"Anlaufstelle für Betroffene wäre wünschenswert"

"Anlaufstelle für Betroffene wäre wünschenswert"
Die Zeithistorikerin Barbara Stelzl-Marx ist Vize-Leiterin des Ludwig Boltzmann Instituts für Kriegsfolgen-Forschung.

KURIER: Was ist der Schwerpunkt dieser Konferenz über Besatzungskinder?

Barbara Stelzl-Marx: Es ist das erste Mal, dass ein wissenschaftlicher Vergleich über Besatzungskinder in Deutschland und Österreich gezogen wird.

Die Schicksale der Be­satzungskinder waren ja höchst unterschiedlich.

Bei diesem Thema sieht man die ganze Bandbreite der Beziehungen zwischen Besatzungssoldaten und einheimischen Frauen. Wobei ein großer Unterschied zwischen den westlichen Zonen und der sowjetischen Besatzungszone bestand: Sowjet-Soldaten durften in Österreich nicht heiraten. Sobald eine Beziehung publik wurde, wurden die Soldaten versetzt oder in die Sowjetunion zurückgeschickt.

In der amerikanischen, britischen und französischen Zone war das anders?

Die Franzosen waren am legersten: Bei ihnen gab es kein Fraternisierungsverbot (Fraternisierung: Beziehung zwischen Besatzungssoldaten und einheimischer Bevölkerung) . Bei den Amerikanern und Briten gab es das anfangs schon. Aber das Verbot wurde schon im Sommer 1945 gelockert und im Herbst ganz aufgehoben.

Das Thema Besatzungskinder war lange ein Tabu.

Ich denke, dass Tabuisierungen und Stigmatisierungen zum Teil bis heute bestehen. Viele Betroffene haben bis heute Hemmungen, darüber zu sprechen.

Sollte es eine Anlaufstelle für Betroffene geben?
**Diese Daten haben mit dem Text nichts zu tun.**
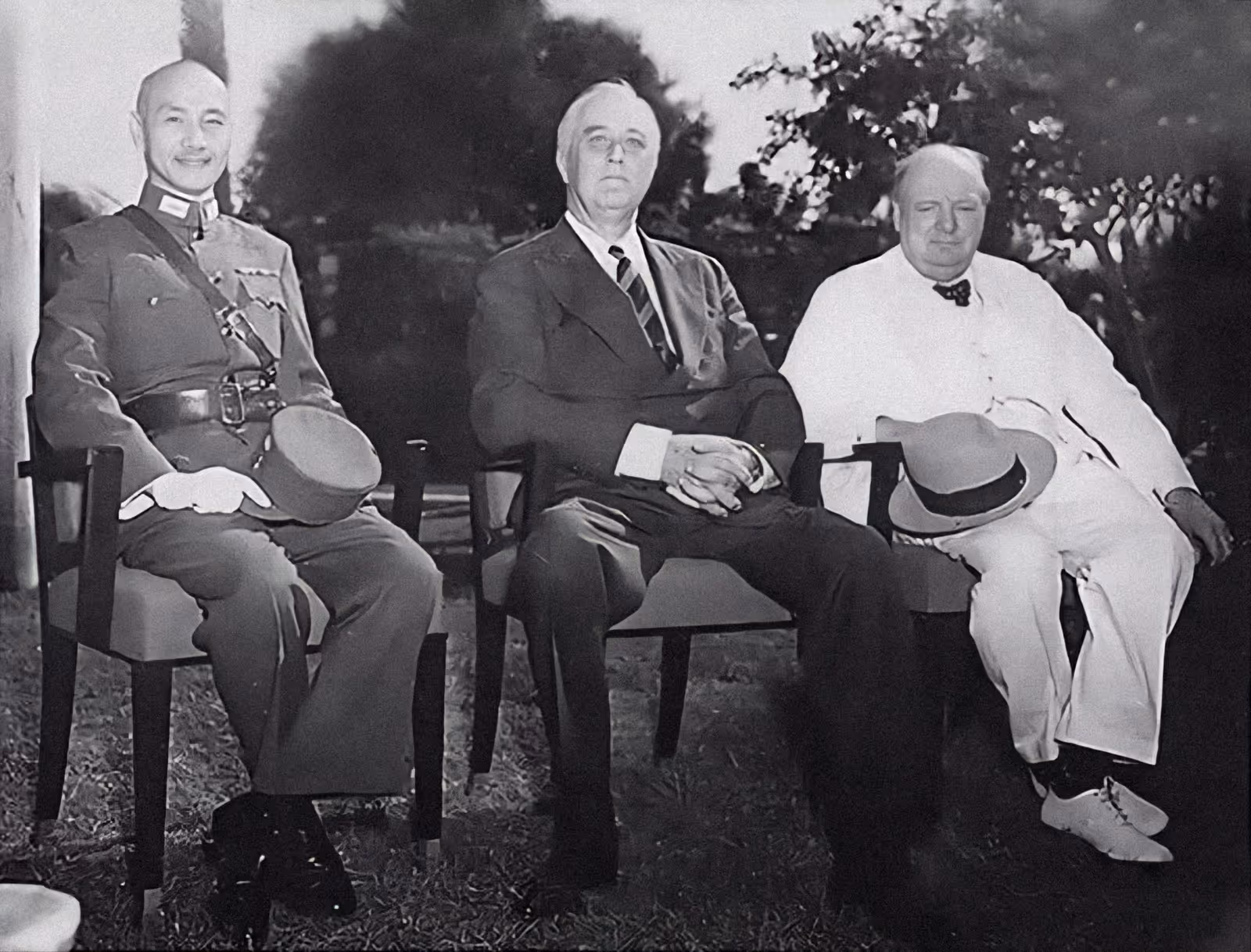 1943年美国、中国和英国盟军领导人在开罗举行会议。蒋介石代表中国出席。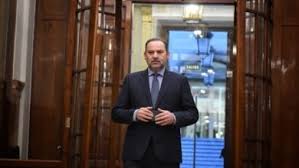 El Gobierno, desconcertado con el aviso de Ábalos a Sánchez: "Es un  absoluto imbécil y un golfo"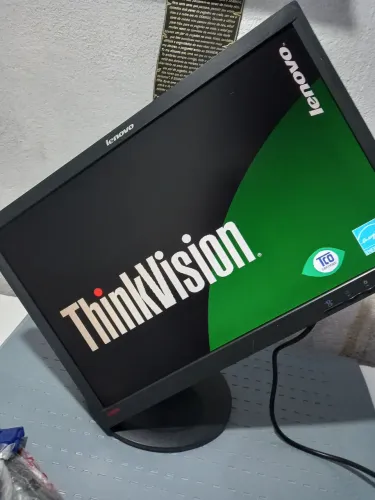Monitor Lenovo 22 polegadas entradas display port e vga giratório usado!!!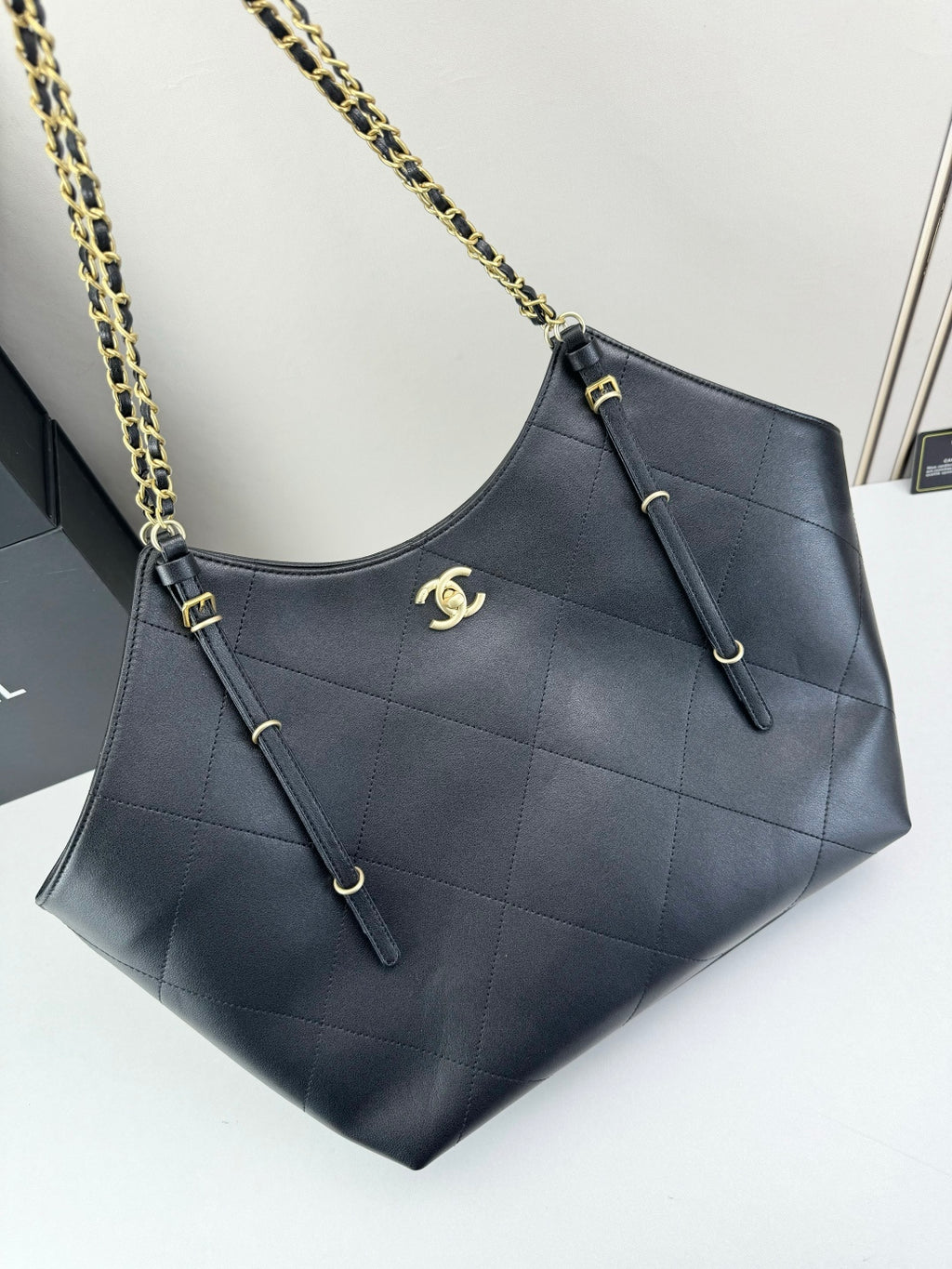 B1P46C11 Popular leather bag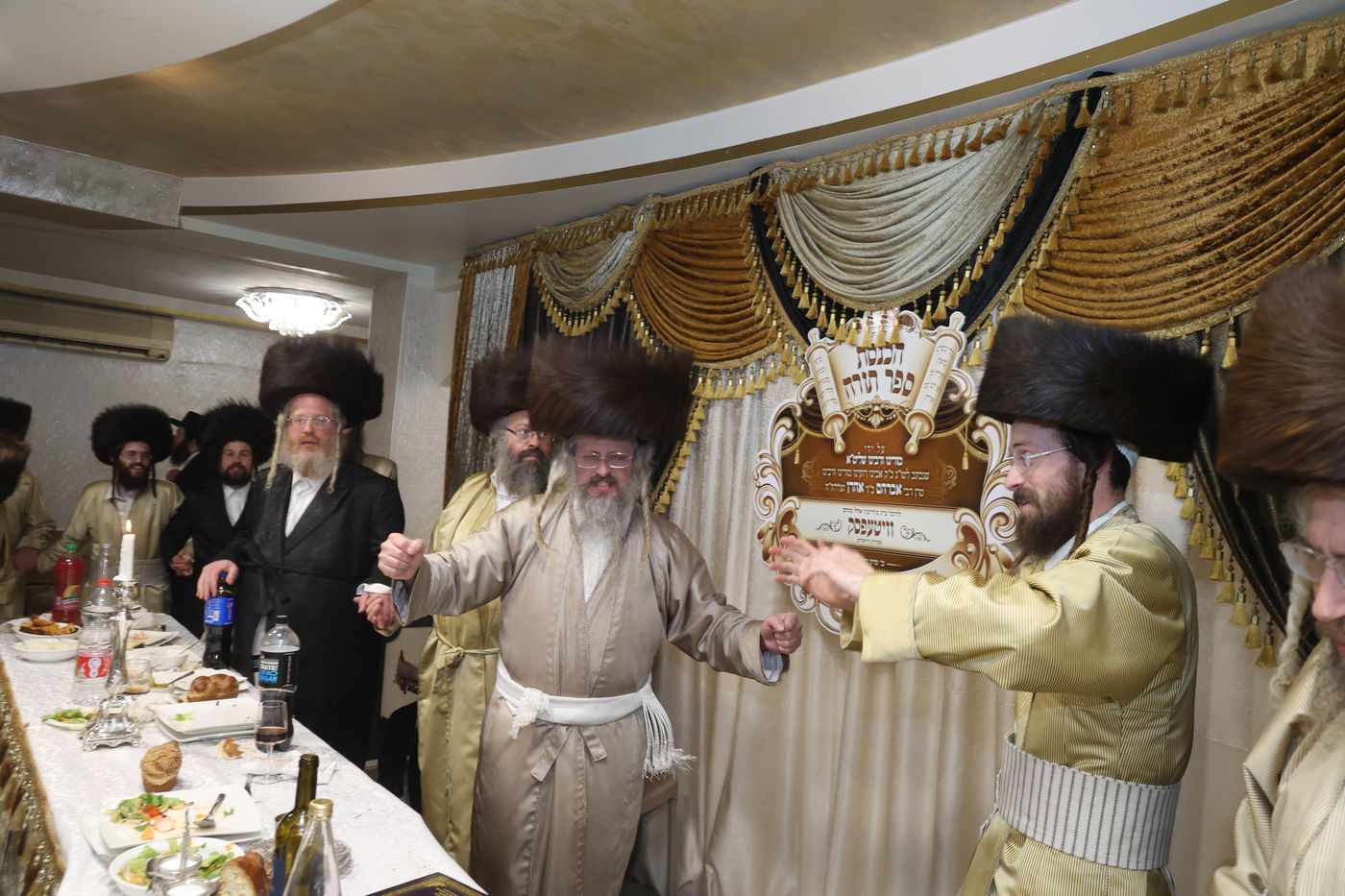 ה'וויטעפסק'ערס' חסמו את כיכר השבת | תיעוד 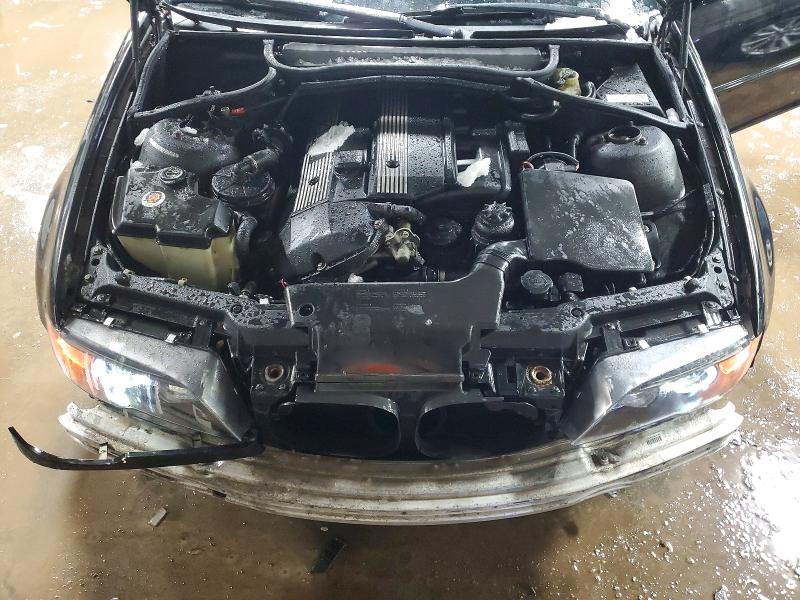 Фото 11 с аукциона – 2004 BMW 330 с VIN WBABW53464PJ94708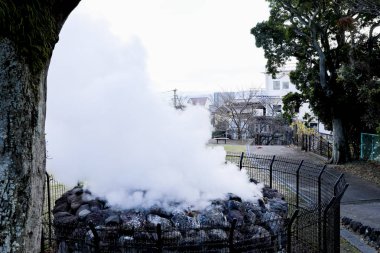 Bulunan Beppu, Oita, Kyushu, Japonya yerden dışarı-in sıcak buhar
Eine solche Anlaufstelle für Betroffene in Österreich wäre durchaus wünschenswert. Es gibt keine (staat­liche) Institution, die auch entsprechend finanziert ist. In Frankreich etwa haben die Wehrmachtskinder die doppelte Staatsbürgerschaft bekommen – neben der fran­zösischen auch die deutsche.